I took a few books with me on vacation. One of them was an Italian novel called La strega innamorata, (“The witch in love”). It’s funny, and quirky, and easy to read, even for someone whose language skills are as rusty as mine. And every time I picked up the book, it did me the favor of reminding me that I should pour myself a glass of what might be my favorite digestivo, Liquore Strega.

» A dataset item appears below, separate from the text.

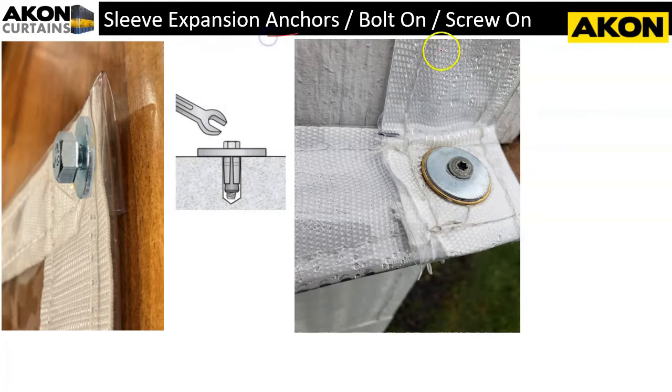Sleeve expansion anchors and regular screws work great. With an expansion anchor, you drill a pilot hole, put in the expansion anchor, and when you screw it down it pushes outward on the sides to hold it securely in place. This works great if you'll be taking your tarp up and down every year and want the anchor ready for the next season. Another quick method is to use a regular wood screw or concrete screw with a washer that's as large or larger than the OD of the grommet, pinching it against the structure.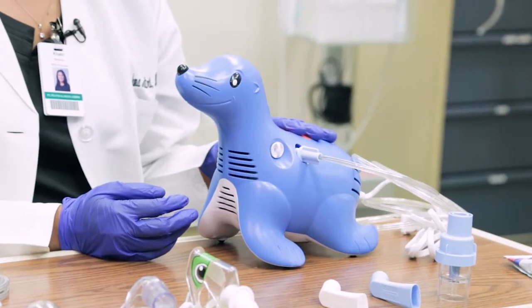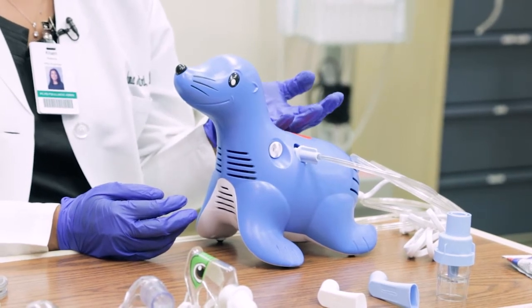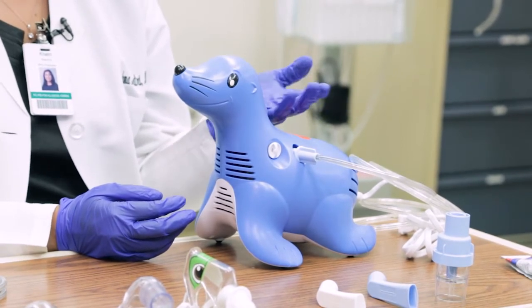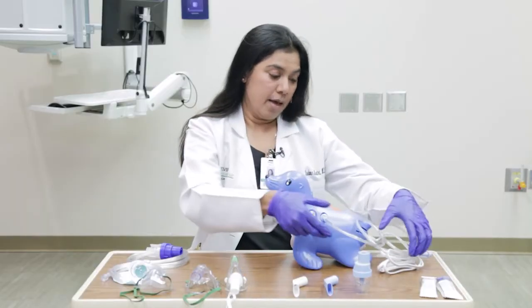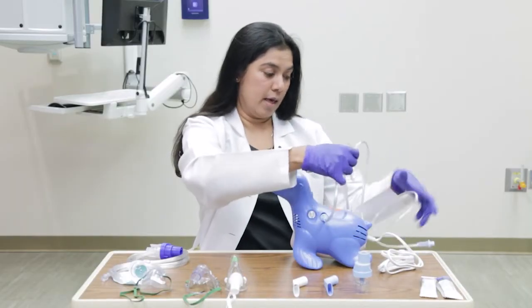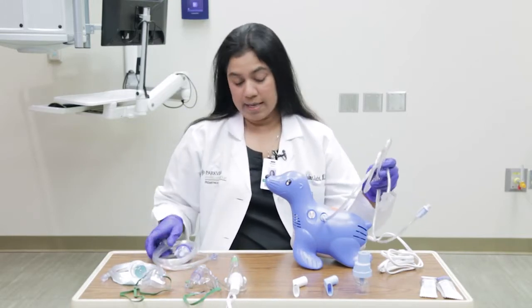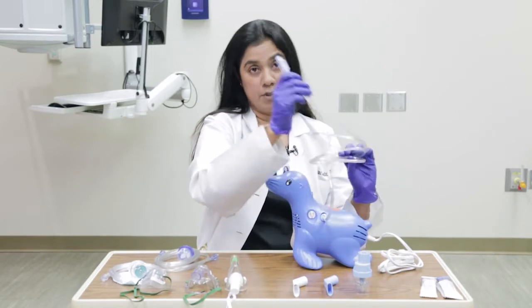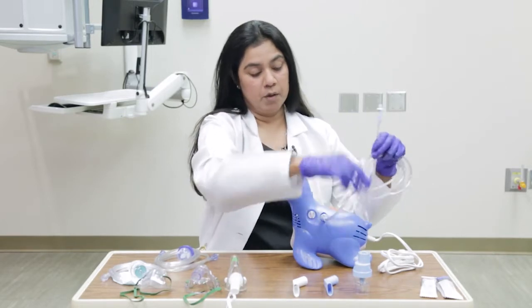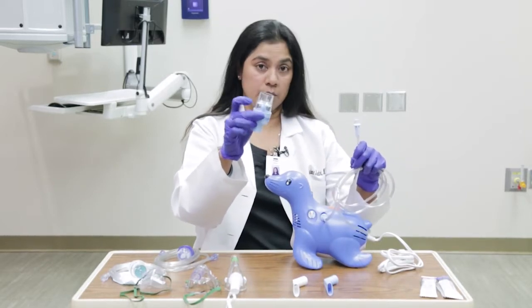This is one of the typical machines that your doctor might prescribe for you if your child has asthma, or he or she is wheezing from RSV bronchiolitis, or for any other reason. This machine has a compressor, and this is the tubing that typically comes separately. You would attach the tubing to the machine, and this is the other end of the tubing, which goes into the small container into which the medicine actually goes.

Strega is a bold liqueur. It has a bright electric saffron yellow color, and a typically Italian label full of busy little curliques, medals, and flourishes. It’s 80 proof, but feels stronger. The aroma of Strega is that of atomized pepper, mace, and salty air. To taste, it starts cloyingly sweet, but this is quickly clobbered by a strong anise and cassia mixture. A pine and wintergreen taste scratches you lovingly on the way down your throat. Strega is not an amaro. It manages to suggest bitterness to the back of your tongue without actually being bitter.
When the liquor finally reaches your stomach, you will feel warm.
There are substitutes for Strega. Liquore Galliano is often shelved nearby, but it’s not as good and the bottle (twice the height of any shelf you have available) is painfully stupid and inconvenient. The closest substitution would be Chartreuse. Secretly, I think that yellow Chartreuse tastes just a little better than Strega — it’s less sweet, and has a bit more of a burn. But it’s French, and named after monks, which means that it doesn’t have as much romance as its Calabrian cousin. So I always drink Strega instead.
It may not seem totally rational to prefer something that I know, intellectually, doesn’t taste quite as good as its alternative. But that’s how I feel about it.
I guess you could say I’m bewitched.